» Supplied records

------------------------

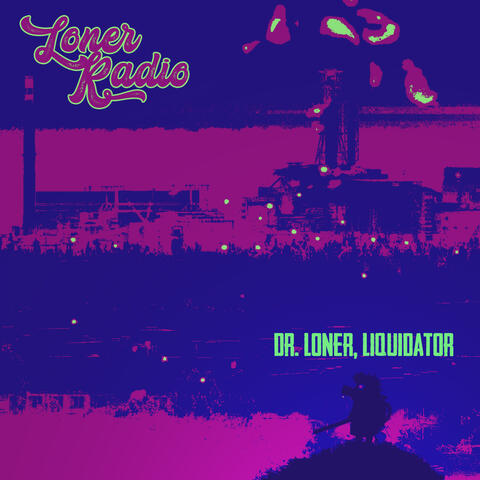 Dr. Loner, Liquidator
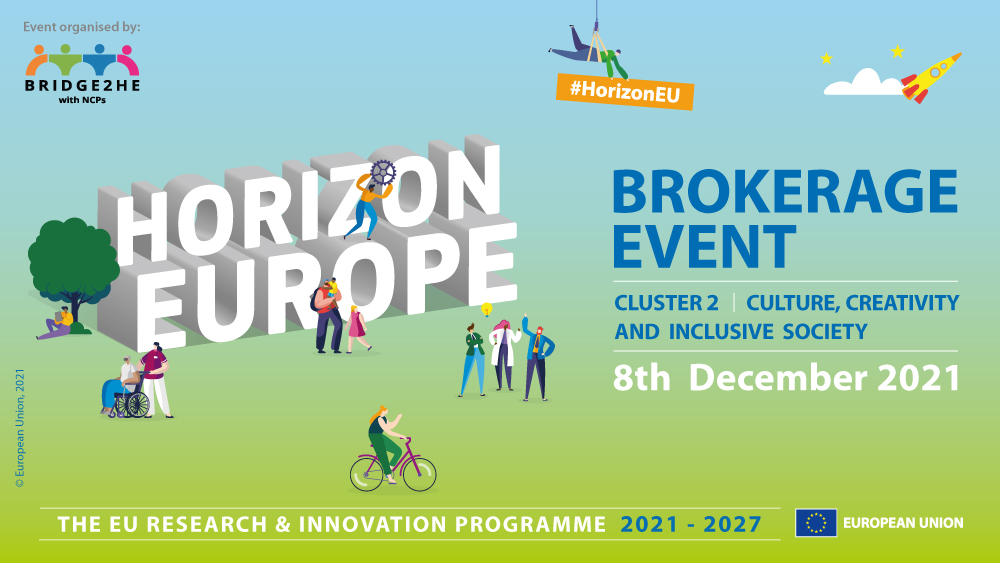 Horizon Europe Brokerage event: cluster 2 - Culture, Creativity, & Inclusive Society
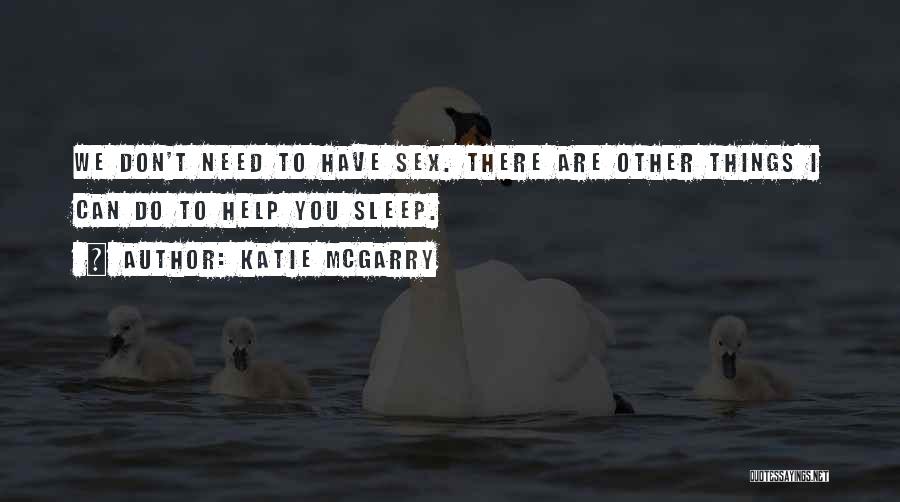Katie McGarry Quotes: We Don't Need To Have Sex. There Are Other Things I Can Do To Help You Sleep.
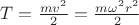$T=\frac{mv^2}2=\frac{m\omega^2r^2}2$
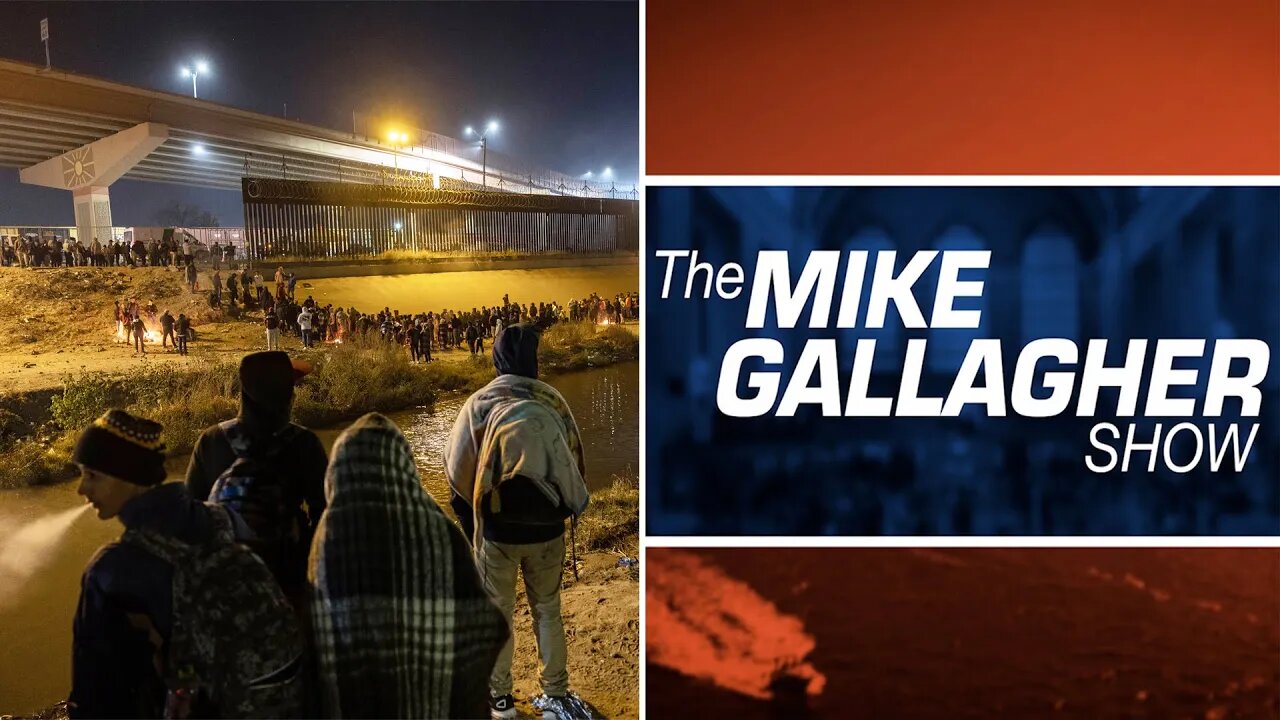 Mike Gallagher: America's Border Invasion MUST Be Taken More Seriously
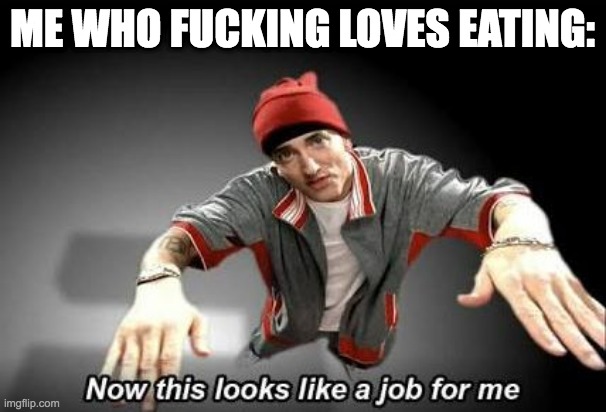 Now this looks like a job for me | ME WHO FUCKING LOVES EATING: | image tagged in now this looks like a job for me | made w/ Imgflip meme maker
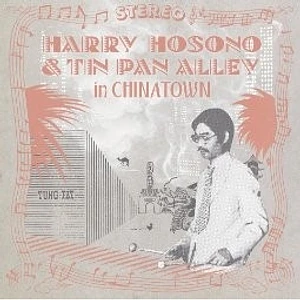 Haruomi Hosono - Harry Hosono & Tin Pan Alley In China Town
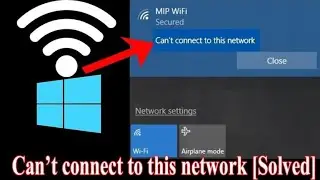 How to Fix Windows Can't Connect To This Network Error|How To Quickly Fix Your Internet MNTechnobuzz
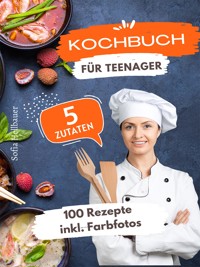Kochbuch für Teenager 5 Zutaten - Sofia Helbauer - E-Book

------------------------

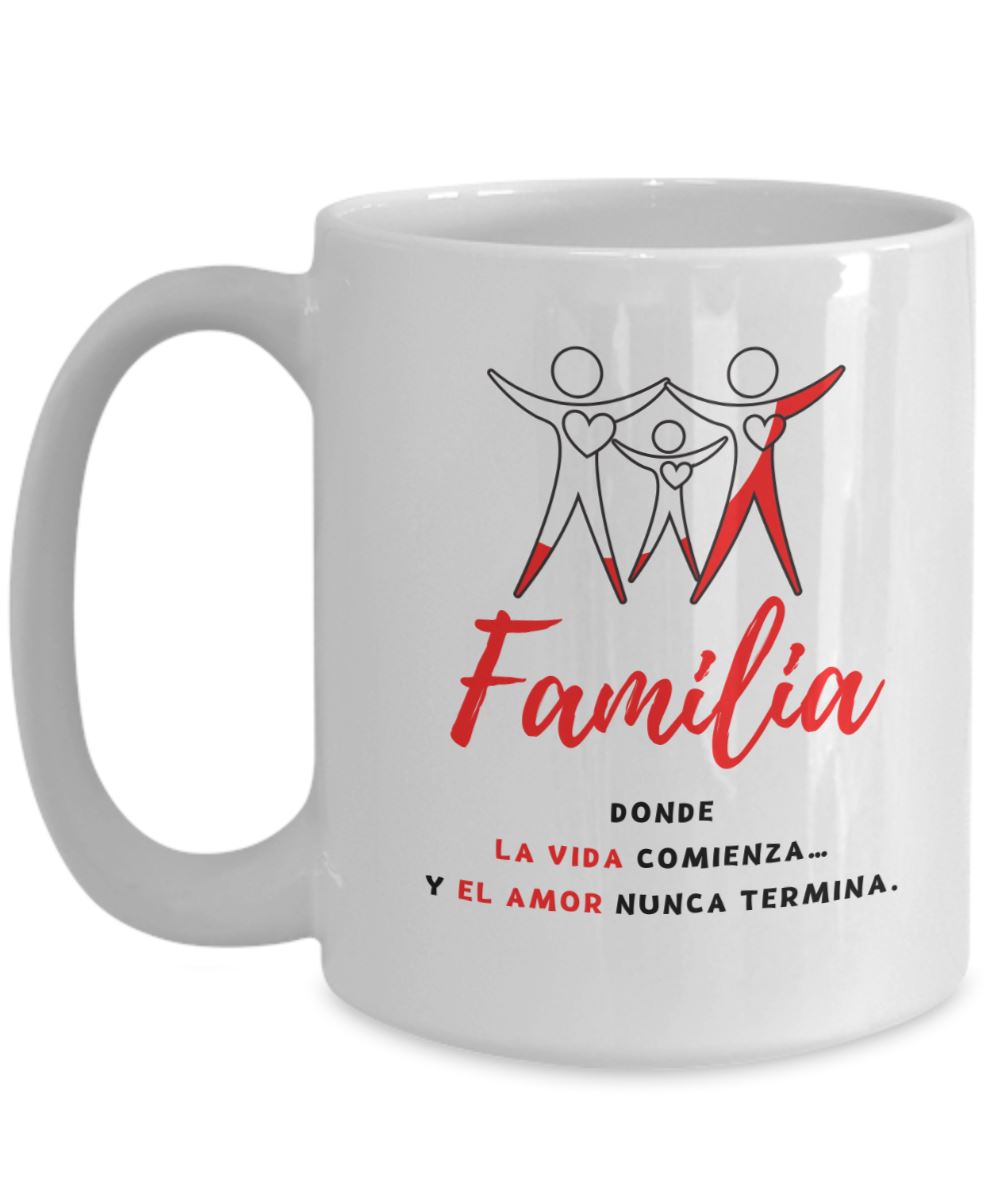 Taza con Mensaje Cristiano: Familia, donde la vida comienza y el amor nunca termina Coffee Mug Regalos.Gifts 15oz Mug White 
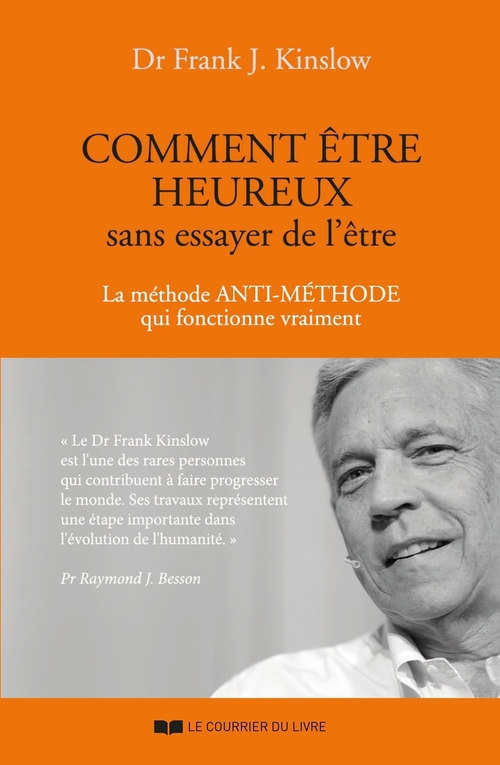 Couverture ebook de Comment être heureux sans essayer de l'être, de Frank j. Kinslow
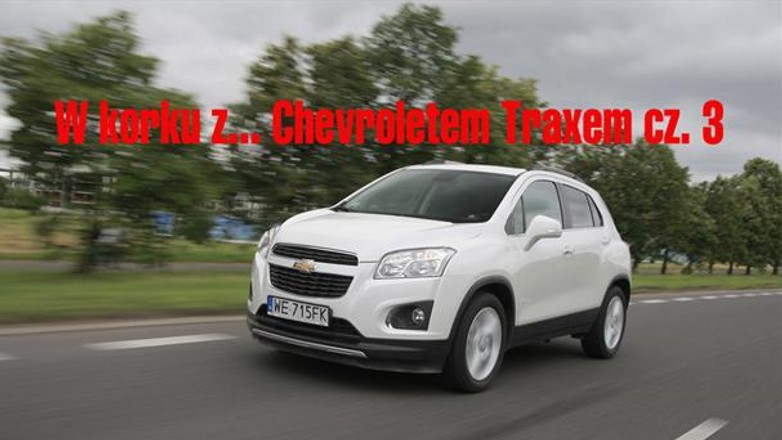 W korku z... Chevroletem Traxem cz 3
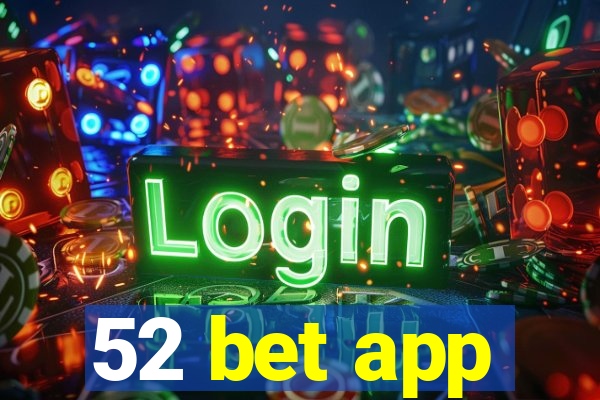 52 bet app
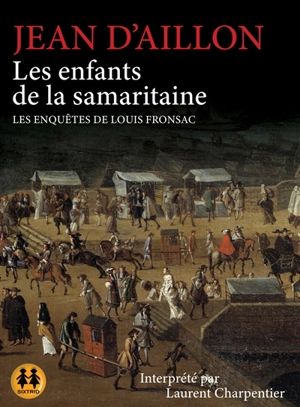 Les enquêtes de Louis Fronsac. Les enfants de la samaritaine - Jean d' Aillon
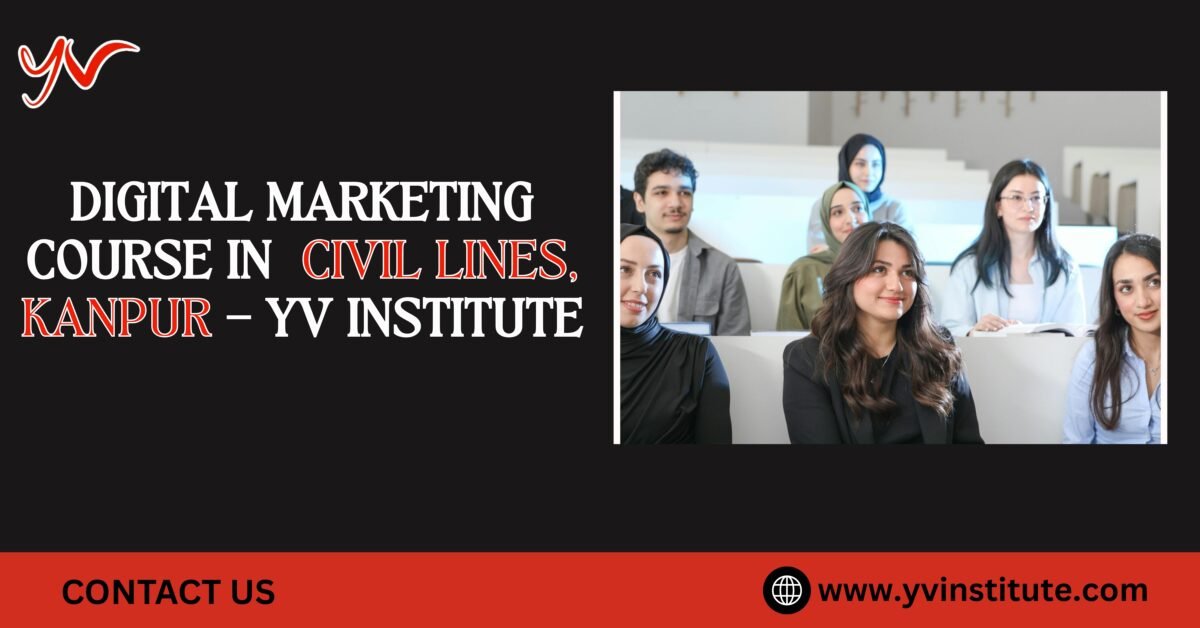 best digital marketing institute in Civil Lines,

------------------------

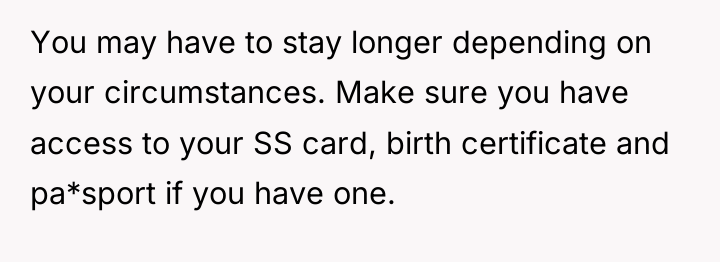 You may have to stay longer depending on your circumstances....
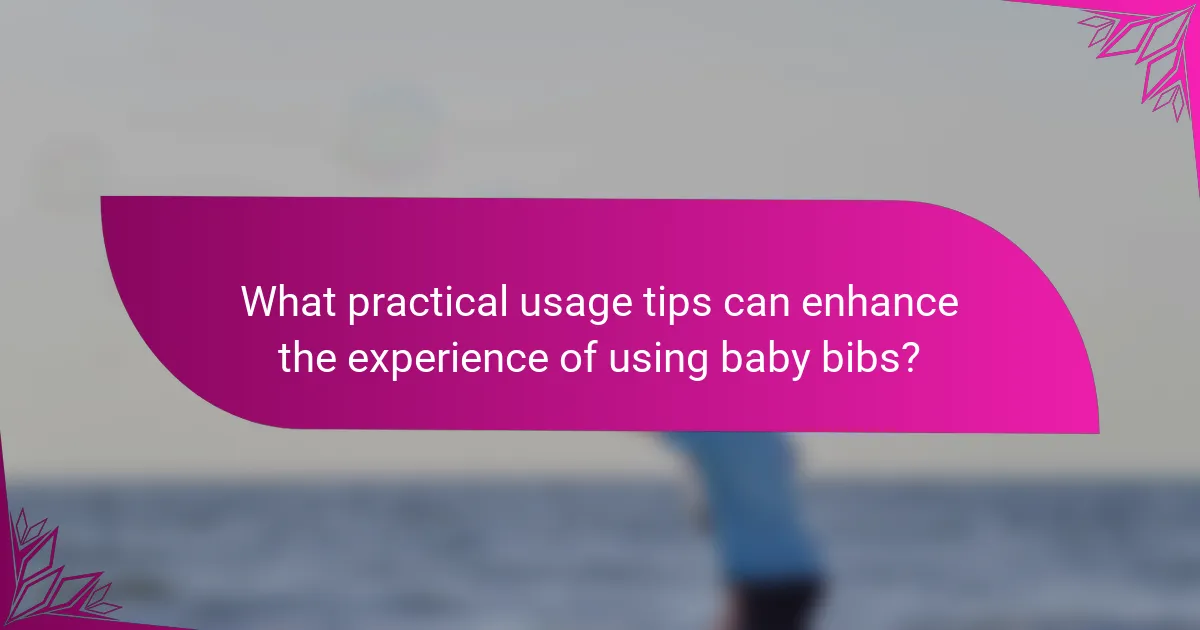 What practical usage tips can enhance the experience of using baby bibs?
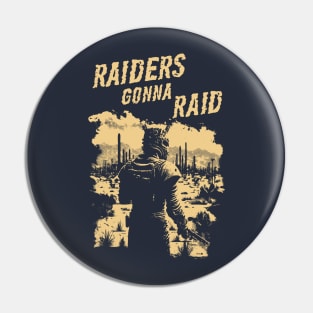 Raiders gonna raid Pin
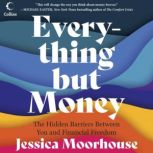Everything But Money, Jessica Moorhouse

------------------------

» Work task
Please copy out from the data above, without any picture, exactly the lines running from the one that holds "Couverture ebook de" through the one that holds "best digital marketing", and nothing beyond them.

» Answer area
 Couverture ebook de Comment être heureux sans essayer de l'être, de Frank j. Kinslow
 W korku z... Chevroletem Traxem cz 3
 52 bet app
 Les enquêtes de Louis Fronsac. Les enfants de la samaritaine - Jean d' Aillon
 best digital marketing institute in Civil Lines,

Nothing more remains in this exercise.